» **WHAT IS NEEDED**: Once the line with "sites/6/2025/1" is found in the entries below, print it and each following line exactly, stopping after the line with "Simple Solution Pet"; print nothing else.
START DATA RECORDS
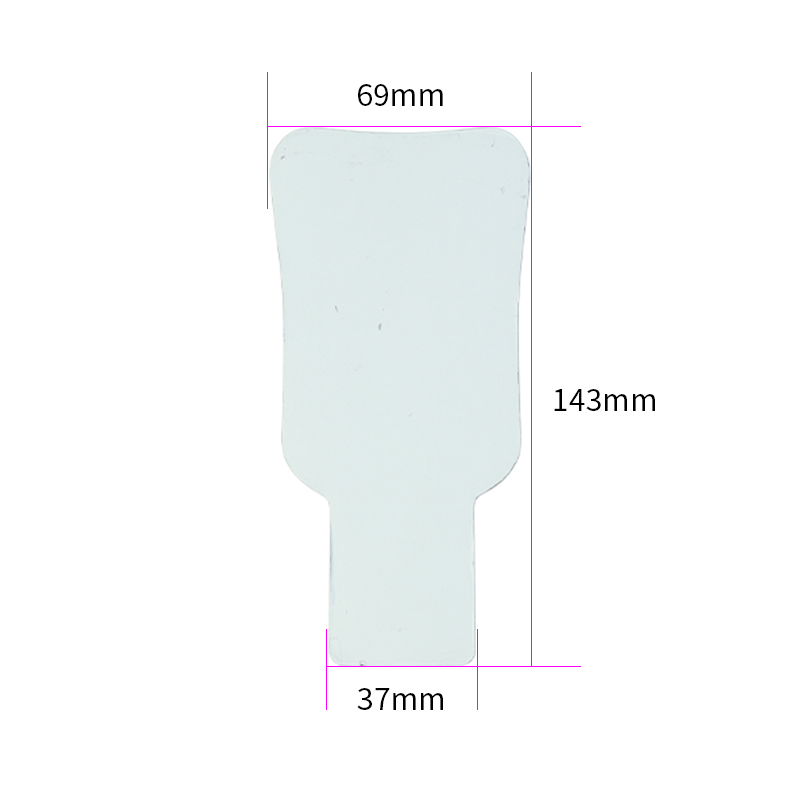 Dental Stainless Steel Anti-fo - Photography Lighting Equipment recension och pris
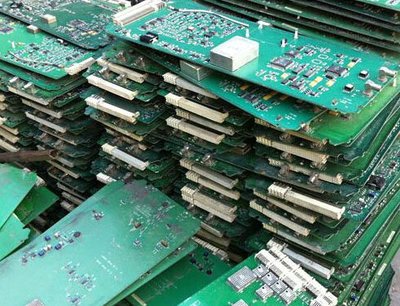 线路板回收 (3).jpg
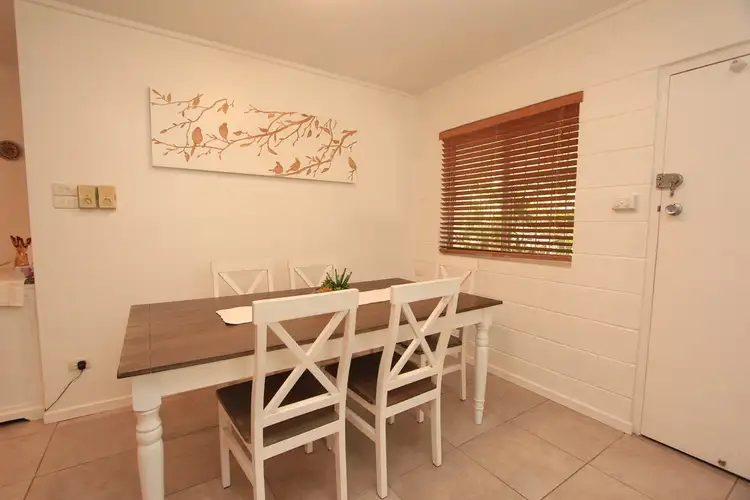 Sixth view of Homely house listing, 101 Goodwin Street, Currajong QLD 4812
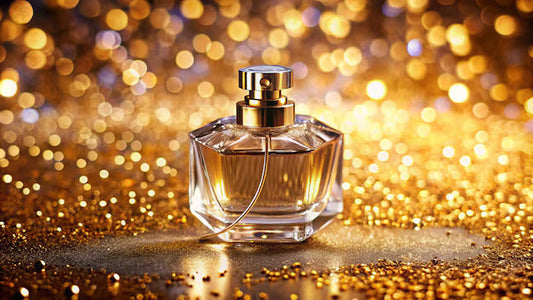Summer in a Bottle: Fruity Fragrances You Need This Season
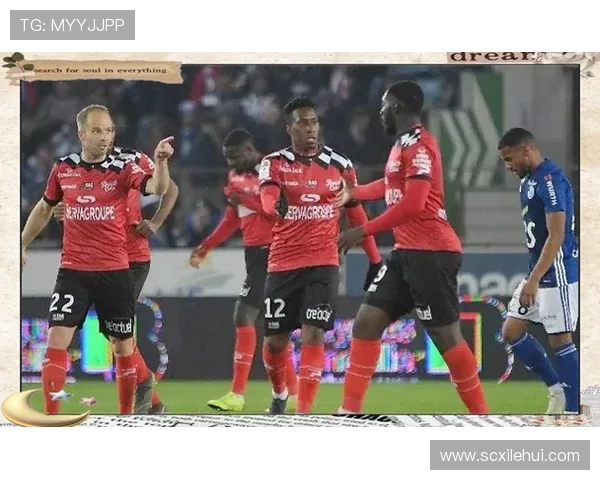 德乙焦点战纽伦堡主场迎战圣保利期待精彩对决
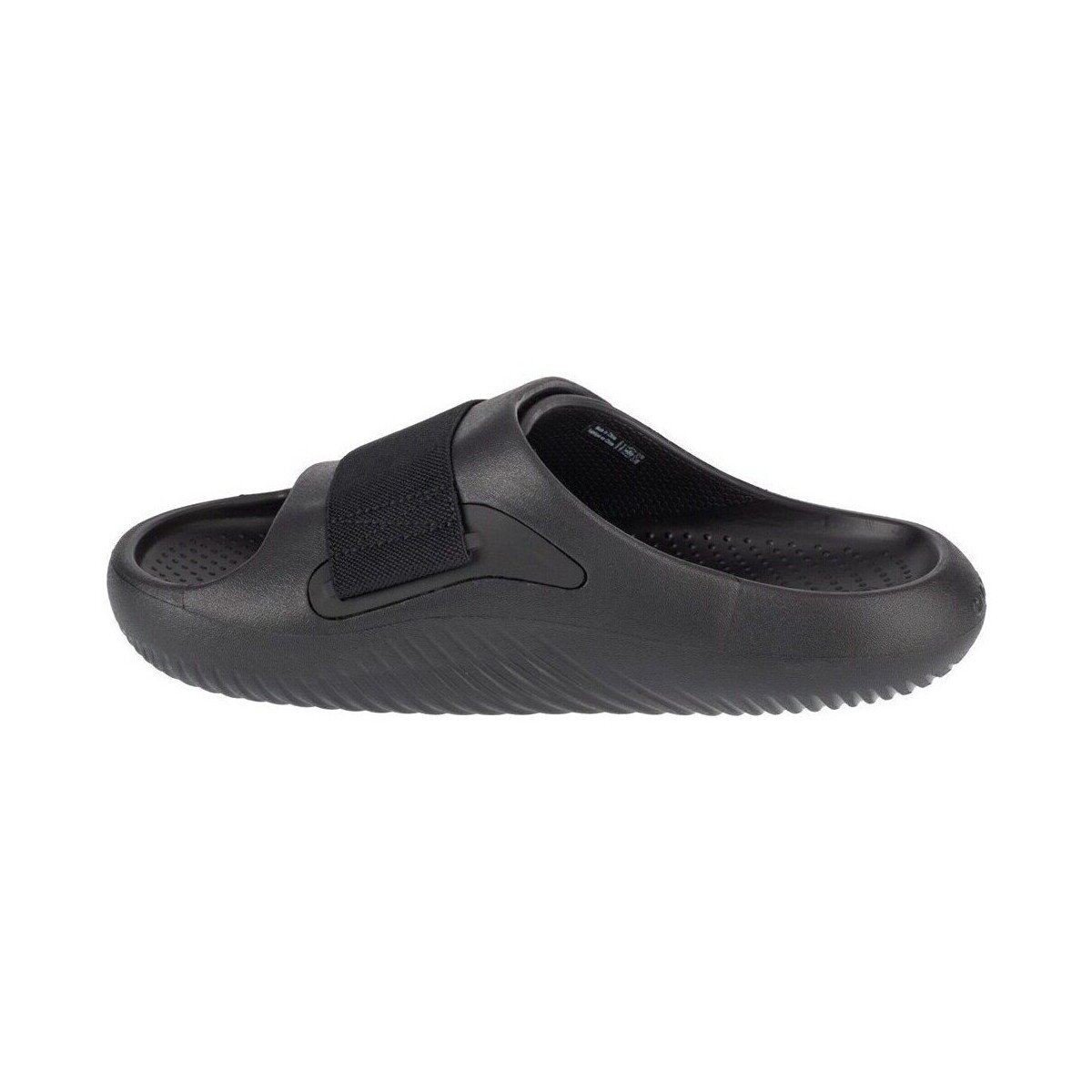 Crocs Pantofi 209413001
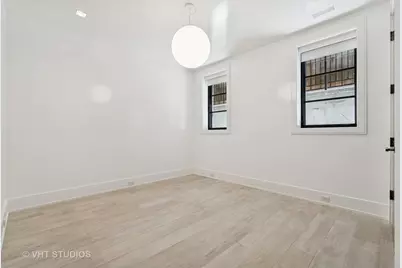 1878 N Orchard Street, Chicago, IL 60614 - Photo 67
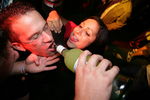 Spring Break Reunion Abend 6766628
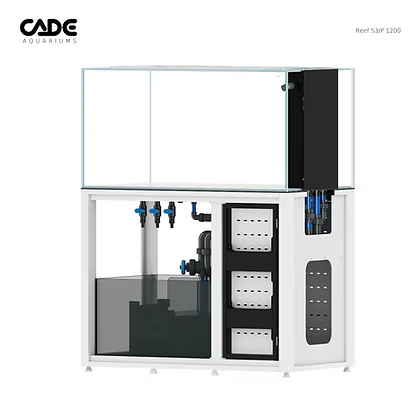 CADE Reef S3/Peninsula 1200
END DATA RECORDS
START DATA RECORDS
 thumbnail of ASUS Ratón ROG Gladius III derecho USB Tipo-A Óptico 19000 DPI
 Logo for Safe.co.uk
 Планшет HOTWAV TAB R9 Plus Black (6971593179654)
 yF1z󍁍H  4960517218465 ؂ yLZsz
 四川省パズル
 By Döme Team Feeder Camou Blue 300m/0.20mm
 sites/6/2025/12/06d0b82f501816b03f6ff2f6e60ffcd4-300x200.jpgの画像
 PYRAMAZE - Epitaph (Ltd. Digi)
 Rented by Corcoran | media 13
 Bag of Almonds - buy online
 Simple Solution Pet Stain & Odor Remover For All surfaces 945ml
END DATA RECORDS
» **EXERCISE OUTPUT**:
 sites/6/2025/12/06d0b82f501816b03f6ff2f6e60ffcd4-300x200.jpgの画像
 PYRAMAZE - Epitaph (Ltd. Digi)
 Rented by Corcoran | media 13
 Bag of Almonds - buy online
 Simple Solution Pet Stain & Odor Remover For All surfaces 945ml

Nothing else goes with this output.